In December 2022, we launched a MediaPipe preview with five tasks: gesture recognition, hand landmarks, image classification, object detection, and text classification. Today, we are happy to announce that we have launched nine additional tasks for Google I/O. More tasks will be added in the future. These new tasks include:

Face Landmark detects facial landmarks and blendshapes to determine human expressions such as smiles, raised eyebrows, and blinks. Additionally, this task is useful for applying effects to her 3D face according to the user’s movements. image segmenter. You can divide the image into regions based on predefined categories. You can use this feature to identify humans or multiple objects and apply visual effects such as background blur. The interactive segmenter takes a region of interest in an image, estimates the object boundaries at that location, and returns the object segmentation as image data. The upcoming Image Generator will allow developers to apply diffusion models within their apps to create visual content. Face Stylizer. You can take an existing style reference and apply it to the user’s face.media pipe studio

Our first MediaPipe tool lets you view and test MediaPipe compatible models on the web without having to write your own custom test application. You can also use MediaPipe Studio now in preview to try out the new tasks and all the additional features described here by visiting the MediaPipe Studio page.

Additionally, we have plans to extend MediaPipe Studio to provide a no-code model training solution that will allow you to create new models without a lot of overhead.

MediaPipe task

MediaPipe Tasks uses low-code libraries to simplify on-device ML deployments for web, mobile, IoT, and desktop developers. On-device machine learning solutions like the examples above can be easily integrated into your application with just a few lines of code without having to learn all the implementation details behind these solutions.
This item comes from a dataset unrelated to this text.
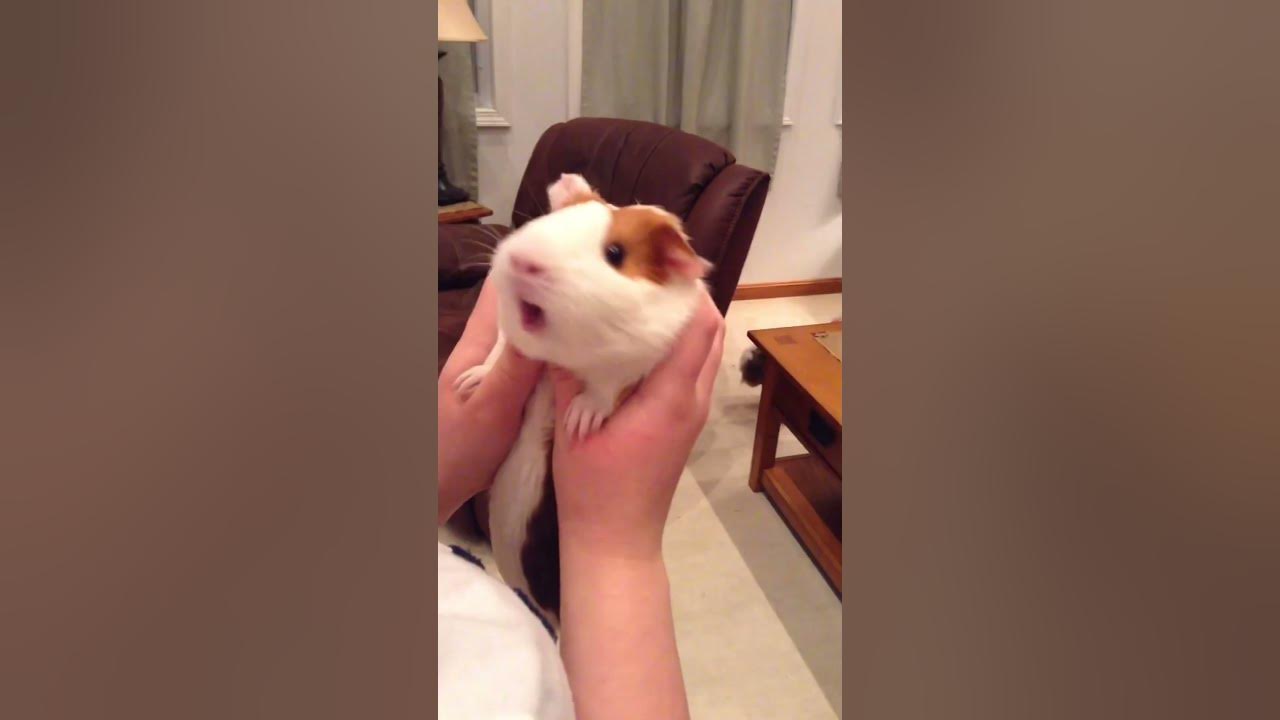 How NOT!!! to hold a GUINEA PIG!!!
These now include his three categories of tools: vision, audio and text.

To better understand how to use MediaPipe tasks, let’s take a look at an Android app that performs gesture recognition.

The following code uses a built-in machine learning model to create a GestureRecognizer object that can be iterated over to return a list of recognition results based on the input image.

// Step 1: Build a gesture recognizer valbaseOptions = BaseOptions.builder() .setModelAssetPath(“gesture_recognizer.task”) .build() valgestureRecognizerOptions = GestureRecognizerOptions.builder() .setBaseOptions(baseOptions) .build() valgestureRecognizer = GestureRecognizer .createFromOptions( context,gestureRecognizerOptions) // Step 2: Prepare the image val mpImage = BitmapImageBuilder(bitmap).build() // Step 3: Run inference val result =gestureRecognizer.recognize(mpImage)

As you can see, you can implement seemingly complex functionality in your application with just a few lines of code. Combined with other Android features such as CameraX, it can provide an enjoyable experience for your users.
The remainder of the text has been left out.